The Navy Department Library has commenced its relocation to a refurbished site on the historic Washington Navy Yard. The new Naval History and Research Center, a state-of-the-art, 2-floor structure, seamlessly combines two former ordnance factories and warehouses.
WASHINGTON NAVY YARD
The move, initiated in May and scheduled to complete in August, has necessitated the temporary closure of its doors to the public.
According to Navy Librarian Dylan Beazer, the move and the new facility will bring key improvements.
"First, The Library staff will be more centrally located in one building. It's currently a challenge working projects with the team seated in different locations, so it will be a better working environment for us. The materials will also be more concentrated in one location, and that allows for ease of access for our patrons."
Furthermore, addressing concerns about environmental controls, Beazer highlighted the benefits of the new facility.
"This new facility will keep the Navy's books, historical documents, and other items in a long-term stable environment,” he said. “That means we'll spend less time and money on preservation efforts as they'll stay in better condition for longer. It will also allow the public and Navy historians longer access to the material for research and provide us with room for growth for our future collections. The most important thing is a better environment to control the humidity and temperature, keeping books healthier for longer. The items will also be located together and the facility will give us more room for future growth."
The library's impressive collection includes a staggering 114,000 book titles, 374,000 manuscripts, and 189,000 periodicals, with a particular emphasis on naval, nautical, and military history from around the world. These invaluable resources form the bedrock of the Navy Department Library's enduring legacy. Among its gems are historical artifacts that bring to life the rich legacy of naval heritage.
While the Navy Library collection is extensive, there are often misconceptions about its scope, Beazer said.
"The size of the collection, what it covers, and how we grow it. While we focus on U.S. naval history, we also cover other aspects of maritime history, and we have resources on the other military branches too. We grow our collection both through book buying and donations, especially regarding cruise books and unique historical items."
Established by a directive from President John Adams to Secretary of the Navy Benjamin Stoddert in 1800, the Navy Department Library has evolved into a treasured institution that holds an array of naval and maritime history, customs, and traditions. As one of the few major military historical libraries accessible to the public, it serves as a beacon of knowledge for an international audience.
Addressing access to the library's resources for its many audiences around the country and throughout the fleet, Beazer highlighted the library’s virtual resources. "The best place is on our website in our online reading room and directs users to visit the online reading room.” He also noted the photo archives are searchable, and a good portion of their collection is available online. While the library will make efforts to work on requests for information (RFIs) with their limited resources, there may not be an expectation of an immediate response.
As the Navy Department Library undertakes this historic move, its staff acknowledges the temporary inconvenience the closure poses to patrons. However, they have made provisions to ensure that the library's services remain accessible in some capacity. While the library will not be able to send out interlibrary loans (ILLs) to other institutions during this period, it will actively order ILLs for its own patrons.
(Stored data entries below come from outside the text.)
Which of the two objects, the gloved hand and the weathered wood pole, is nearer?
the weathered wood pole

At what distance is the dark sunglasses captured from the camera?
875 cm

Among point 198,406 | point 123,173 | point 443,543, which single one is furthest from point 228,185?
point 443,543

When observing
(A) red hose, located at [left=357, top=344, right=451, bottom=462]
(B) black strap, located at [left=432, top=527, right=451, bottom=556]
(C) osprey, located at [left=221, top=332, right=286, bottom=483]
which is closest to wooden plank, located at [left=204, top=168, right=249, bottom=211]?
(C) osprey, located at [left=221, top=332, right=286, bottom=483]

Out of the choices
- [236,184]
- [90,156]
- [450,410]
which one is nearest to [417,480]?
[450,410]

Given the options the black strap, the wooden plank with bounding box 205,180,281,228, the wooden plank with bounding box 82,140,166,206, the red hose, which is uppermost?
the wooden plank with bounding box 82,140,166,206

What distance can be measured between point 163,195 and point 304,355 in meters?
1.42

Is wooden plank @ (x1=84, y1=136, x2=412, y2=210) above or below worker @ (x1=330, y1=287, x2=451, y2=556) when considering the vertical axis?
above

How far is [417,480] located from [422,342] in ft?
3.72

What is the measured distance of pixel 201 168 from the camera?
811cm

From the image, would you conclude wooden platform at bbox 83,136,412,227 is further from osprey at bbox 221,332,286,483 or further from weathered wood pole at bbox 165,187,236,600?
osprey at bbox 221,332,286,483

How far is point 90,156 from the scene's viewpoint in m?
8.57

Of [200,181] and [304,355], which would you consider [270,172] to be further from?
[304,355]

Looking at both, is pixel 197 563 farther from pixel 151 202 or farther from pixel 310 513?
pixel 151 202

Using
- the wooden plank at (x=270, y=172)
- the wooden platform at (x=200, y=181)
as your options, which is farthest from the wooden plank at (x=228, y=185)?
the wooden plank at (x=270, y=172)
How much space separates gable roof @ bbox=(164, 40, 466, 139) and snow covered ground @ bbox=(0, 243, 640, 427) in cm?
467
The staff will strive to address inquiries from the public, though they anticipate some limitations due to the relocation process.
As the Navy Department Library settles into its new location, it anticipates the opportunity to continue serving its community with enhanced access to its unparalleled collection. This historic relocation not only protects the past but also paves the way for the preservation of future naval artifacts.
The staff at the Navy Department Library remains committed to advancing the understanding of naval heritage and safeguarding the stories that shape our history.
NHHC, located at the Washington Navy Yard, is responsible for preserving, analyzing, and disseminating U.S. naval history and heritage. It provides the knowledge foundation for the Navy by maintaining historically relevant resources and products that reflect the Navy's unique and enduring contributions through our nation's history and supports the fleet by assisting with and delivering professional research, analysis, and interpretive services. NHHC comprises many activities, including the Navy Department Library, the Navy Operational Archives, the Navy art and artifact collections, underwater archeology, Navy histories, 10 museums, USS Constitution repair facility, and the historic ship Nautilus.